If the plurality of heat exchange elements are connected in form of gable roof to each other, the cooling air is blown from below against these heat exchange elements. On the other hand, the heat exchange elements, formed by tubes provided at the outer surfaces thereof with cooling ribs, may also be arranged substantially vertical, in which case the stream of cooling air is passed in a horizontal direction against the heat exchange elements. The heat exchange elements may be arranged in a plurality of rows spaced from each other in direction of the cooling air stream.
It is known that in heat exchange elements in which the condensate flows in a direction opposite to the steam passing therethrough, it is possible that at temperatures below 0° C. hoar frost may form in the upper portions of these heat exchange elements. This formation of hoar frost is due to the fact that in these upper portions of the heat exchange elements a steam-air mixture is present, with a relatively high percentage of air, so that the condensating process will not take place any more in these upper end portions. The moisture contained in the vapor air mixture precipitates therefore at temperatures below 0° C. in the form of hoar frost on the inner surfaces of the tubes through which steam and condensate passes in opposite directions.
At unfavorable operating conditions, for instance during continuous operation at low temperatures, as well as continuous loading of the installation, the danger exists that the thickness of the layer of hoar frost increases more and more until the open cross-section of the tubes, through which steam and condensate passes in opposite direction, is narrowed in such a manner that the non-condensing gases, which accumulate during the condensation process, cannot be completely evacuated. The primary result is an accumulation of air in the heat exchange elements in which steam and condensate pass in opposite directions. Even though these heat exchange elements will not be destroyed, they will not take part any longer in the condensation process and the output is thereby reduced.
A further result of the accumulation of air in part of the heat exchanger tubes, through which condensate and steam pass in opposite direction, may be that now it is not possible any longer to draw through the still acting tubes the necessary amount of steam through the heat exchange element with tubes through which steam and condensate pass in the same direction in order to prevent formation of feared dead zones in the lower portion of the last-mentioned tubes. Such dead zones in the tubes through which steam and condensate pass in the same direction may cause freezing and formation of ice in these tubes, which could lead to damage of the same.

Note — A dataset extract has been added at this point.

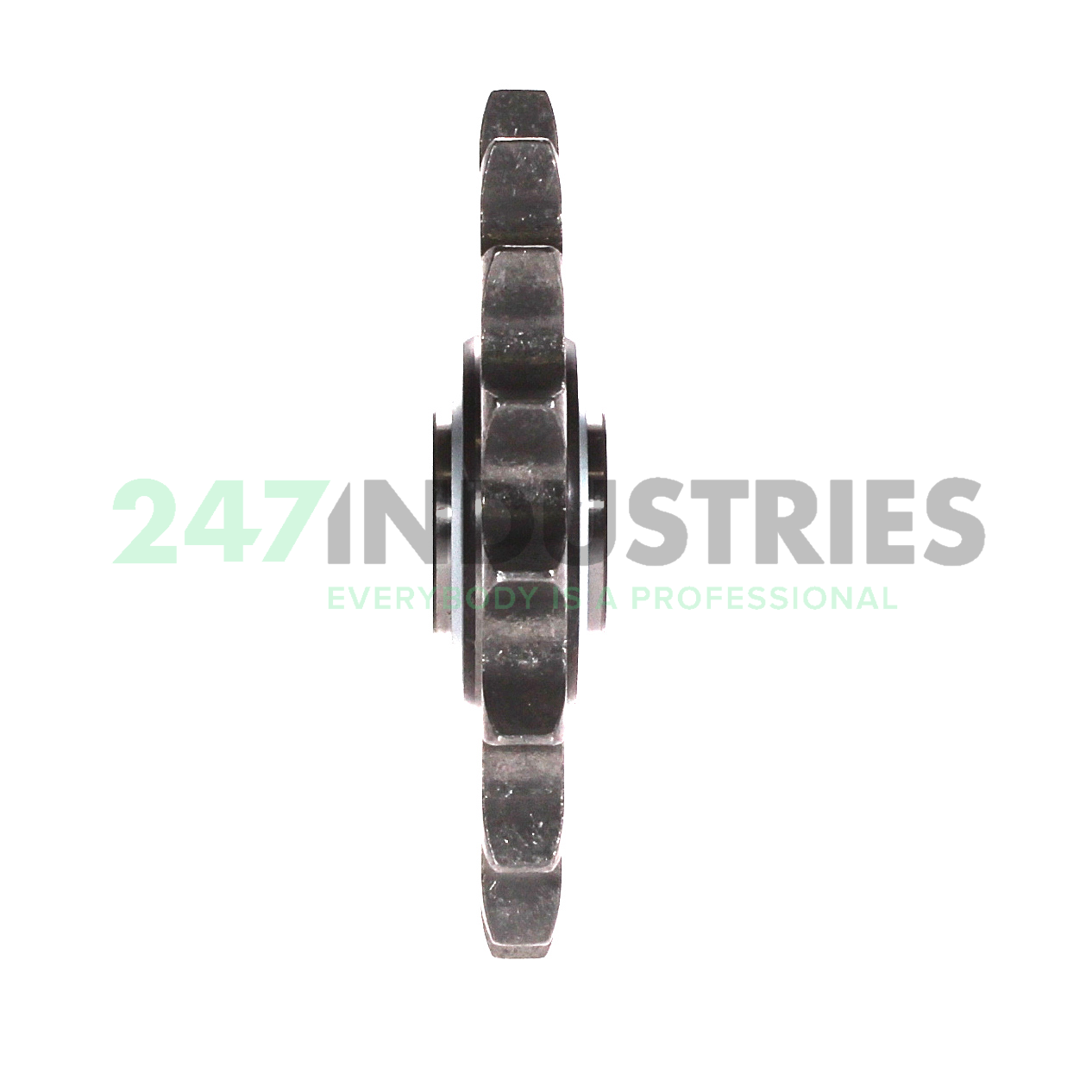 KSR16-LO-10-10-17-08 INA Image 2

This disadvantage of air cooled condenser installation provided with a first group of heat exchange elements including a plurality of tubes through which steam and condensate pass in the same direction and a second plurality of tubes through which steam and condensate pass in the opposite direction has up to now been obviated in that the heat exchange elements with the tubes through which steam and condensate pass in opposite direction are only intermittently impinged by cooling air. If forced streams of cooling air are used, the ventilators producing the forced cooling air streams are shut down for short moments in intermittent time intervals so that the tubes through which steam and condensate pass in opposite direction are warmed up so that eventually formed hoar frost may be reduced. In the case of cooling the condenser installation by the surrounding air the same effect may be produced, for instance, by covering some of the heat exchange elements through which steam and condensate pass in opposite direction by louvres.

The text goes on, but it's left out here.